## About this exercise
Among the lines below, keep only those from the one containing "Vista 4 de Para" through the one containing "ФОТО: Коллаж Царьграда", and reproduce them exactly.

## Caption-style text data
-------

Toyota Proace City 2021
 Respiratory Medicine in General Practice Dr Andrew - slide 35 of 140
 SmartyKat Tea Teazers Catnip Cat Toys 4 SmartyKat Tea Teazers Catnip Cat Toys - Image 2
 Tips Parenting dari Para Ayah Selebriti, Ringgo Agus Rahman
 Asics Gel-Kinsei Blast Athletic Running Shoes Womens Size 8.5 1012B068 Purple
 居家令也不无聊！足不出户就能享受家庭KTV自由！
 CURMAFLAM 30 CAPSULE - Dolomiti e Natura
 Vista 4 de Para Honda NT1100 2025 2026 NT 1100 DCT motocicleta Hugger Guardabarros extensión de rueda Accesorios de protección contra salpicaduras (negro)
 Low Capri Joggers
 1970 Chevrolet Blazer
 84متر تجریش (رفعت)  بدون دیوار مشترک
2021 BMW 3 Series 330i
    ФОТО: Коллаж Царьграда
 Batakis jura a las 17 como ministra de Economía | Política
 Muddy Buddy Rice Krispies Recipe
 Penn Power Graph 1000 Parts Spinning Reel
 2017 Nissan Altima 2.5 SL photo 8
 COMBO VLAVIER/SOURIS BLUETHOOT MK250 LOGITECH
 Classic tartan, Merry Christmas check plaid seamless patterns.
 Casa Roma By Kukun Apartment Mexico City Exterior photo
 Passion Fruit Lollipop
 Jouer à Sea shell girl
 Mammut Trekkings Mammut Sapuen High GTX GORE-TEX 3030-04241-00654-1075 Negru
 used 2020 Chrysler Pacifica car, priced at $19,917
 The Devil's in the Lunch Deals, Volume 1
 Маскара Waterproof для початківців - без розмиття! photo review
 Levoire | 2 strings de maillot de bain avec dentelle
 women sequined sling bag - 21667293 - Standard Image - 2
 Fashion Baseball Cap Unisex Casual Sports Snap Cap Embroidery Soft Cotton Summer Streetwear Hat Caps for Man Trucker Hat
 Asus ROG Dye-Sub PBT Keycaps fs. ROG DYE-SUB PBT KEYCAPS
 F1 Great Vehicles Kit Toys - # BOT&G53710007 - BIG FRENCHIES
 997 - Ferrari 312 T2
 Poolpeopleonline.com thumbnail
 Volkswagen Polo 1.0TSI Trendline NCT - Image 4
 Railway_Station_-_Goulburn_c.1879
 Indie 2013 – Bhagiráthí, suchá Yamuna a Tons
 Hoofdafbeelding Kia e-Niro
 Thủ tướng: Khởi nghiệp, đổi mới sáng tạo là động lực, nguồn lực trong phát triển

-------

## Your response
 Vista 4 de Para Honda NT1100 2025 2026 NT 1100 DCT motocicleta Hugger Guardabarros extensión de rueda Accesorios de protección contra salpicaduras (negro)
 Low Capri Joggers
 1970 Chevrolet Blazer
 84متر تجریش (رفعت)  بدون دیوار مشترک
2021 BMW 3 Series 330i
    ФОТО: Коллаж Царьграда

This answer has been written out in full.